* Exercise goal *
If a line in the data holds "seguridad", copy that line out in full.

* Entries supplied *
"""
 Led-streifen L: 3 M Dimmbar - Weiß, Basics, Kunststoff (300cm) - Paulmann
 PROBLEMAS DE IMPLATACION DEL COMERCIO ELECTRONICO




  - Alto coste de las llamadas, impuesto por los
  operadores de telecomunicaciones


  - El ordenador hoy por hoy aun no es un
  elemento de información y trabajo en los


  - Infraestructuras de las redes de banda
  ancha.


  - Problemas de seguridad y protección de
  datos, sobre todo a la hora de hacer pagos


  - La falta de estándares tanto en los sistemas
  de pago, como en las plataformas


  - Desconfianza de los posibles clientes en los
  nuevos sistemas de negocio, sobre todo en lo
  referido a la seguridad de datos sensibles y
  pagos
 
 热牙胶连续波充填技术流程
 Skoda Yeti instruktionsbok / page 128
"""
"""
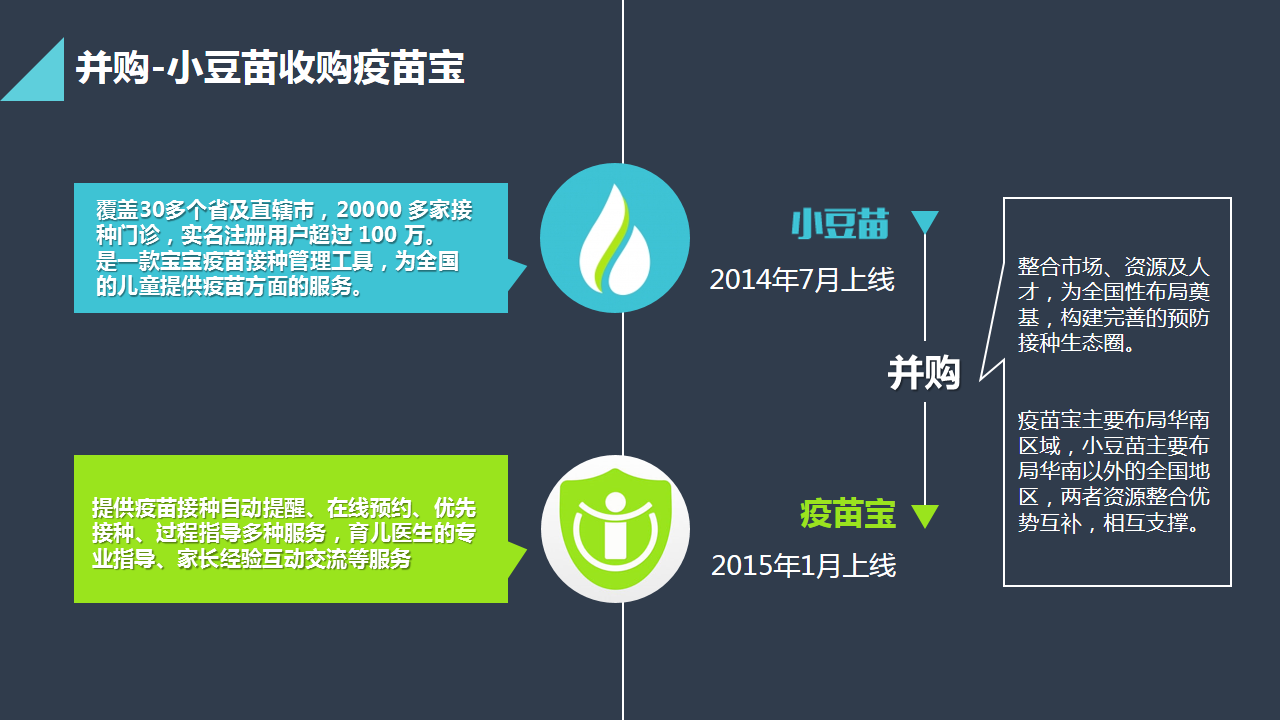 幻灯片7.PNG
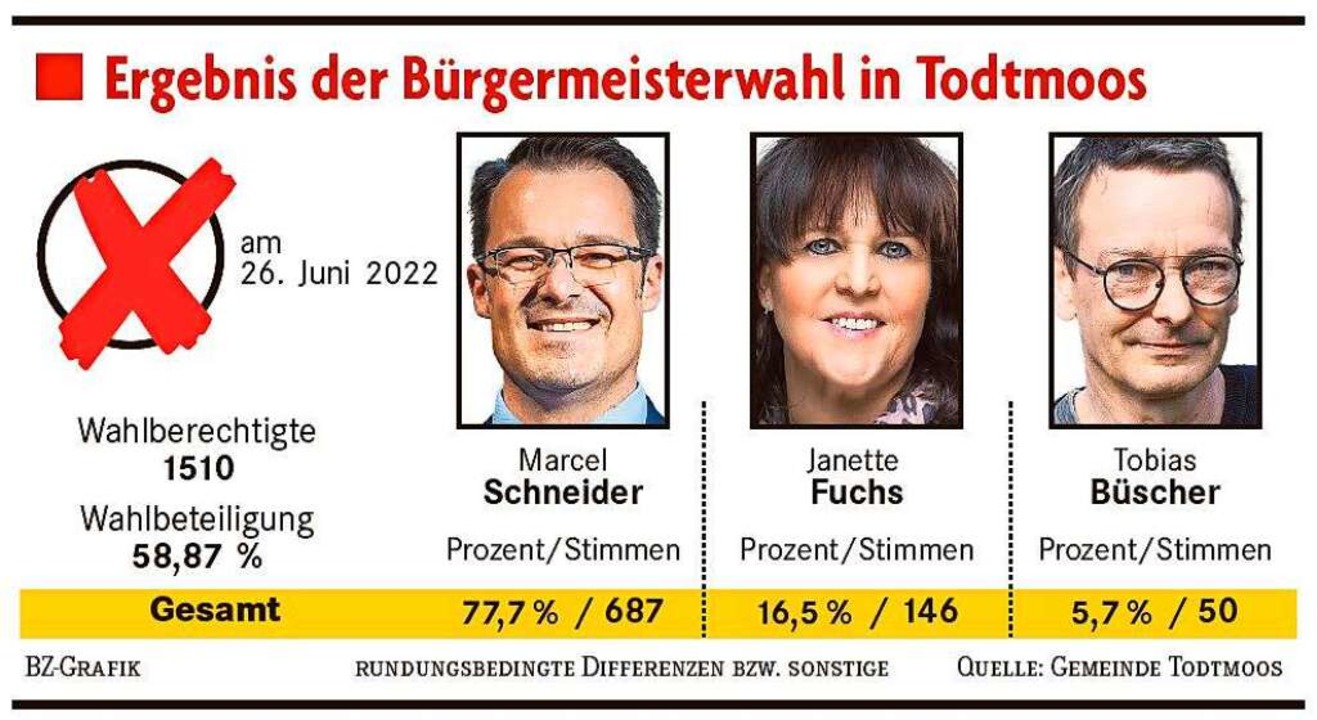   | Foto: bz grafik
"""
* Result *
  - Problemas de seguridad y protección de
  referido a la seguridad de datos sensibles y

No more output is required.